# [Task to carry out]
From the line containing "Hi everybody, Shredda" through the last line of the entries, output the text exactly. Pictures stay out.

# [Provided records]

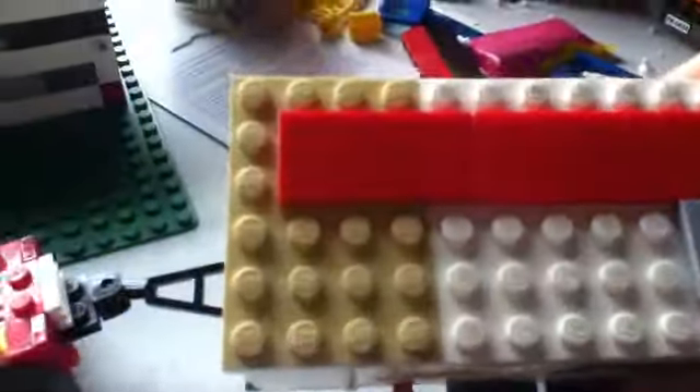Hey guys, this is Lego Boy Zero. Coming to you live from my home. This is my newest creation, the Lego camper. As you see, it's six studs wide. Here's the front — this is version one.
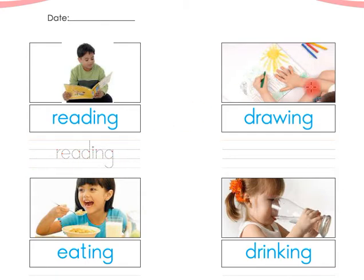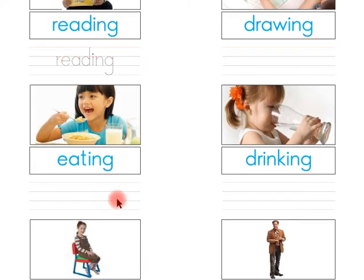Look at this, children — this is drawing. Say with me, children: this is drawing. Read the word, children: the word is 'drawing.' Children, you have to write the word 'drawing' here in between these four lines by yourself.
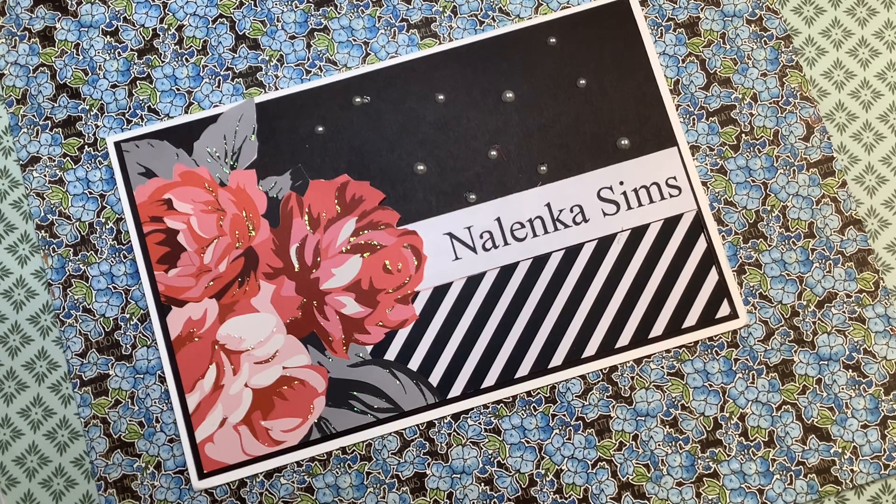Hi, this is Martha here at my channel, Nalinka Sims, with a challenge — a brand new challenge where I was nominated by Stace Stace. Everybody I mentioned, I will have links to their channels in the description box below.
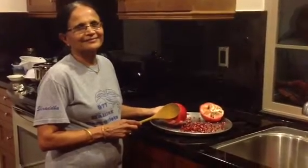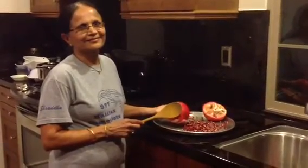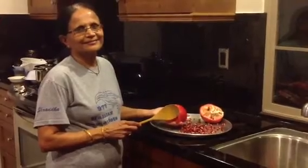Hi everybody, Shredda here with my mom and today we're going to show you how to easily take out pomegranate seeds out of your pomegranate.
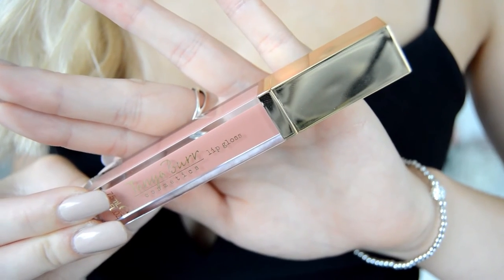Next I'm going to be applying the Tanya Burr lip gloss in Lunch Date. Lip glosses really do tend to make your lips look bigger because they make them look more plump and juicy, and in general they're really nice to apply and moisturising as well. I also find that when you apply lip gloss you really cannot tell that you've overdrawn your lips at all, and I just really love how a lip gloss looks.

# [Solution for this problem]
Hi everybody, Shredda here with my mom and today we're going to show you how to easily take out pomegranate seeds out of your pomegranate.
Next I'm going to be applying the Tanya Burr lip gloss in Lunch Date. Lip glosses really do tend to make your lips look bigger because they make them look more plump and juicy, and in general they're really nice to apply and moisturising as well. I also find that when you apply lip gloss you really cannot tell that you've overdrawn your lips at all, and I just really love how a lip gloss looks.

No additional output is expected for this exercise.